I know I few that put a lawnmower battery in a back pack and do it that way. I tried it earlier this year when my t/m was broke and I don't think I want to do it again. It's a lot of work.


----------



## CAJUN (Oct 2, 2007)

Walked and gigged flounder in Jax / St. Augustine area. Did well. Never tried it here in Pensacola.


----------



## Midnight Rider (Sep 30, 2007)

Giged my first flounder as a kid wading with a wash tub rig.


----------



## Flounder9.75 (Sep 28, 2007)

Walked a 1,000 miles as a kid with Coleman Floundering light and never gig a flounder (giged everything else that moved) 

Did little walking when I got older ( a lot work and made back hurt) So I made up first boat rig w/ 3 100w12v bulbs and haven't got my feet wet since.

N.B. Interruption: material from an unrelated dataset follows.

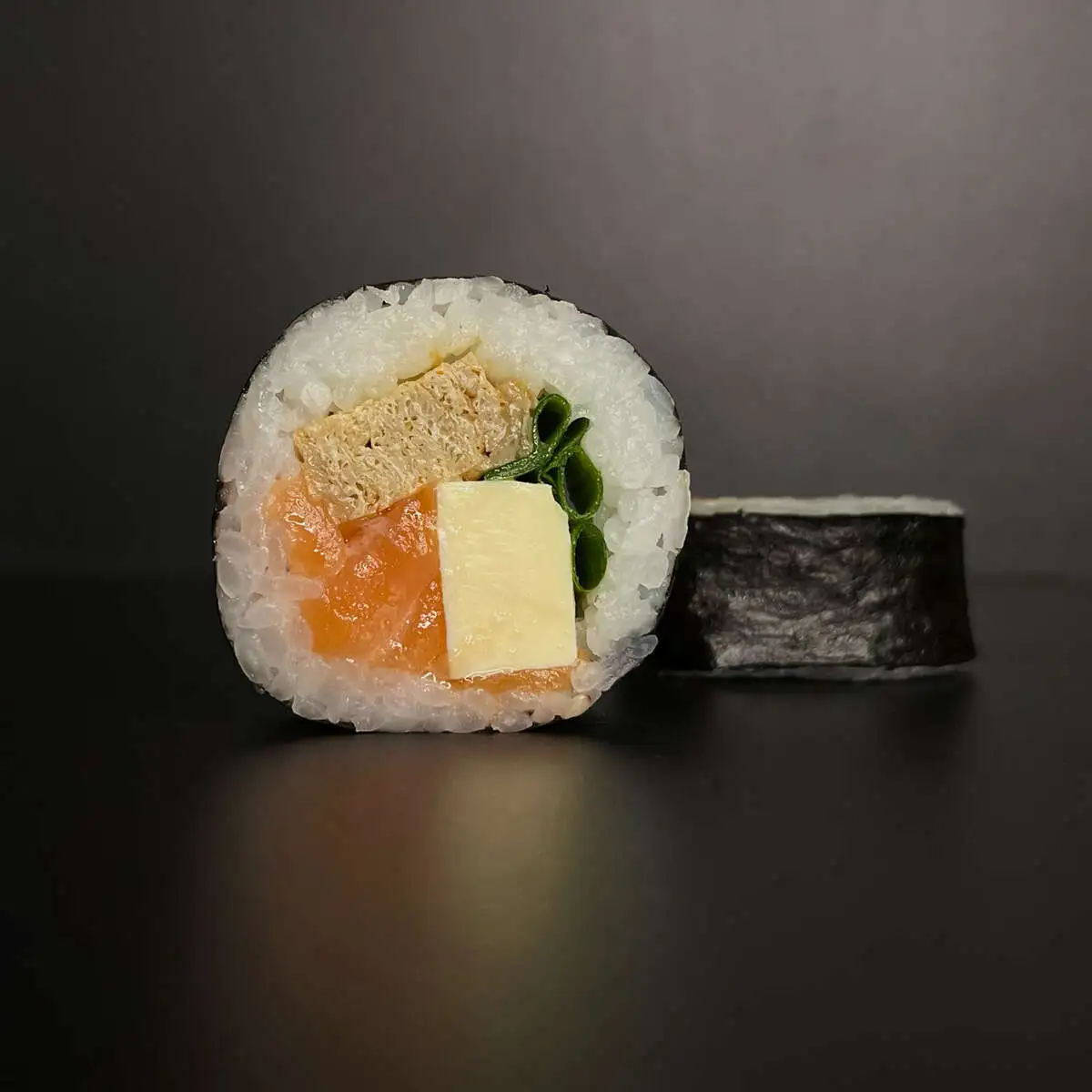 Тамаго маки ролл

Oh after a year I switch to a gen. and haven't looked back. That being said I see a lot people walkin andI"ve seen some good results.


----------



## parrothead (Oct 1, 2007)

Thanks for all your responses. Im thinking about going tonight.Dont know if im taking the boat or walking.Thanks again.

Scott


----------



## iceman28o1 (Sep 27, 2007)

did it alot as a kid with the truck tube set up, alot of fun, but you cant make up that much ground as you would in a boat. but unfortunely i have been wet the last 2 times gigging from my boat. trolling motor meets a stump with my back turned the other way. :banghead:banghead:banghead nothing like a late night bath, at least it hasnt happen in the winter months!


----------



## FlounderAssassin (Sep 28, 2007)

thats always fun!


----------



## karma (Oct 26, 2007)

wash tub rig is a favorite. They are more practical for areas that could be highly productive with less pressure from others! 

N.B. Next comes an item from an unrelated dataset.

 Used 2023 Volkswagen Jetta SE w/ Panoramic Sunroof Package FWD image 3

We use to have a great success using these rigs on gulf side shorelines closed to jettie/pass inlets.


----------



## love to hog hunt (Nov 1, 2009)

man thats the way to go giged alot of fish that way tried it from the boat a couple times thats okay to when it gets cold but i personaly rather wade i just bought some lights off CList from a guy and plan on going one night when its not as cold and the way the weather changes around here it won't be long if you do try wadeing have fun and good luck:letsdrink


----------



## Emerald Ghost (Mar 11, 2008)

I did many years ago along (Soundside) Quietwater Beach. 

Had a 10" Jon boat a couple flounder lights and gigs, a crab net and a 9 foot mullet net. 

By daylight we would almost always have a good mess of fish and crabs to eat.

The toll gate was a dime in those days, and gas was $.24 a gallon.


----------



## banjovie (Nov 1, 2008)

Thats all i do is wade gig. You cant cover as much ground, but you can go a few places boats cant. Here is my set up.




































The set up wasnt bad to make. about $50 all together minus the battery.

I havn't done it in the gulf sid, but i heard it is good.


----------



## Death From Above (Sep 28, 2007)

I can get my boat in anywhere you can take that.


----------



## collardncornbread (Sep 28, 2009)

> *Emerald Ghost (11/19/2009)*I did many years ago along (Soundside) Quietwater Beach.
> Had a 10" Jon boat a couple flounder lights and gigs, a crab net and a 9 foot mullet net.
> By daylight we would almost always have a good mess of fish and crabs to eat.
> The toll gate was a dime in those days, and gas was $.24 a gallon.


YEP...ME TOO. AND THE CROSS WAS THE LAST PLACE GOING TOWARDS FT PICKENS WHERE THERE WAS ANY BUILDINGS. MY DAD LOST SEVERAL DIMES THERE, WE BOYS DIDN'T ALWAYS HIT THE BASKET.IF THE FLOUNDER WASNT LAYING, DAD WOULD PUT A RED SNAPPER HEAD ON A ROPE. TOSS IT OUT FOR A WHILE, AND SLOWLY PULL IT IN, WHILE MOM AND US BOYS STOOD STILL AND HELD CRAB NETS.

YEP!!! WE DID IT..:usaflag


----------



## 2112 (May 4, 2008)

I have gigged off the beach before and did Ok but the bays are mo betta.


----------